Personalmangel als „Sargnagel“

Zur Nachwuchsentwicklung berichtete Kammergeschäftsführer Frank Jaschkowski, die Zahl der neuen PKA-Ausbildungsverträge im Land sei von früher 120 auf jetzt 40 bis 50 pro Jahr zurückgegangen. Bei den PTA-Schülern nehme die Abbrecherquote zu. Aus PTA-Schulen sei zu hören, dass die Zahl der Bewerber zurückgehen werde, wenn die Anforderungen nicht ­gesenkt werden.

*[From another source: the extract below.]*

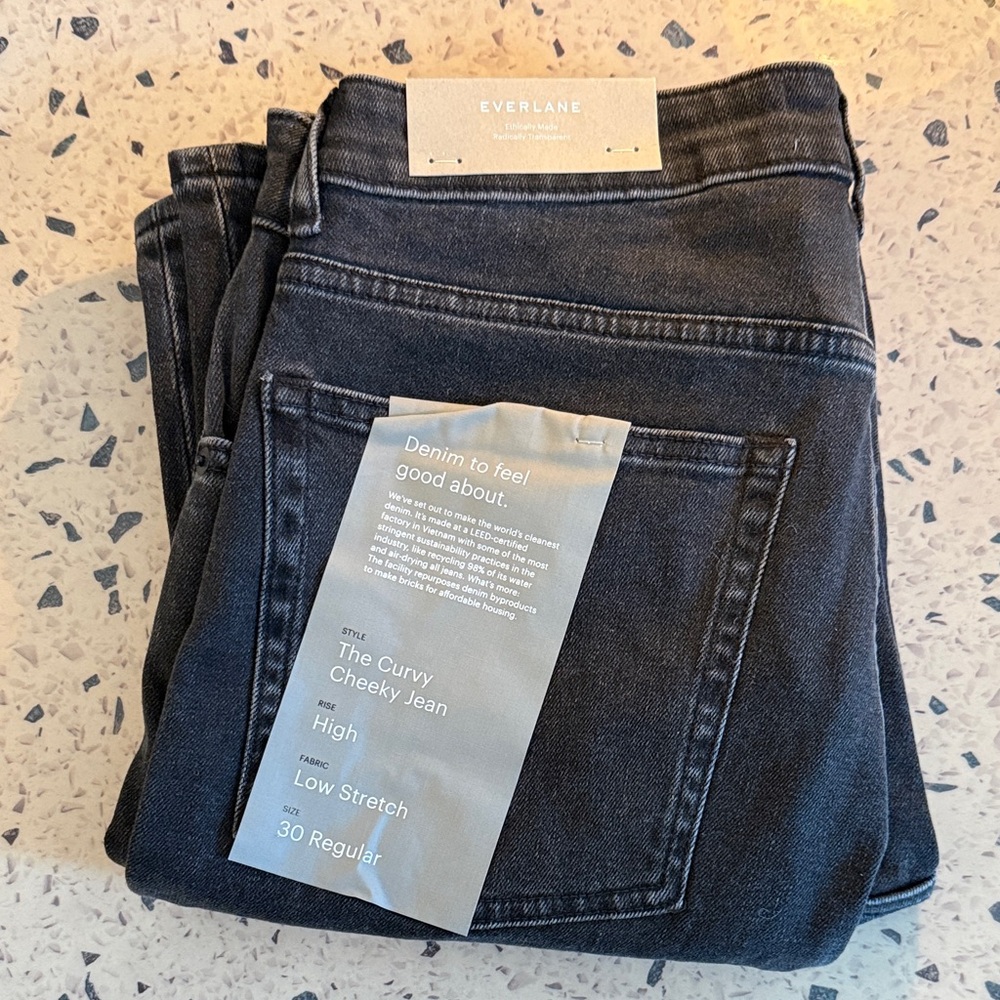 Everlane Curvy Cheeky Jeans in Charcoal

Der Delegierte Dr. Kai Christiansen beklagte, dass im Norden Schleswig-Holsteins praktisch keine PKA mehr ausgebildet werden können, nachdem in Flensburg keine neue Berufsschulklasse für PKA mehr beginne. Nach Einschätzung des Landapothekers Christiansen ist der Personalmangel der „Sargnagel“ für die Apotheken: „Der Personalmangel wird uns umbringen.“ In fünf Jahren würden Apotheken nicht nur geschlossen, wenn es keinen Nachfolger gibt, sondern auch, wenn ein junger Apotheker keine PTA mehr findet. Der Personalmangel sei aus seiner Sicht viel gefährlicher als Rabatte ausländischer Versender. Eine Ursache dafür sehen die Delegierten auch im „Jammern“ der Apotheker.

Ehmen beklagte, die Apothekenberufe seien in der Öffentlichkeit und sogar bei den Arbeitsagenturen zu wenig ­bekannt. Letztlich bestand in der Kammverversammlung Konsens, mehr um Nachwuchs zu werben. ­Neben Berufsmessen bieten sich dazu auch die Internetseiten der einzelnen Apotheken an.

Foto: DAZ/tmb
Justiziar Dr. Stefan Zerres, Kammerpräsident Gerd Ehmen und Geschäftsführer Frank Jaschkowski (v. l.).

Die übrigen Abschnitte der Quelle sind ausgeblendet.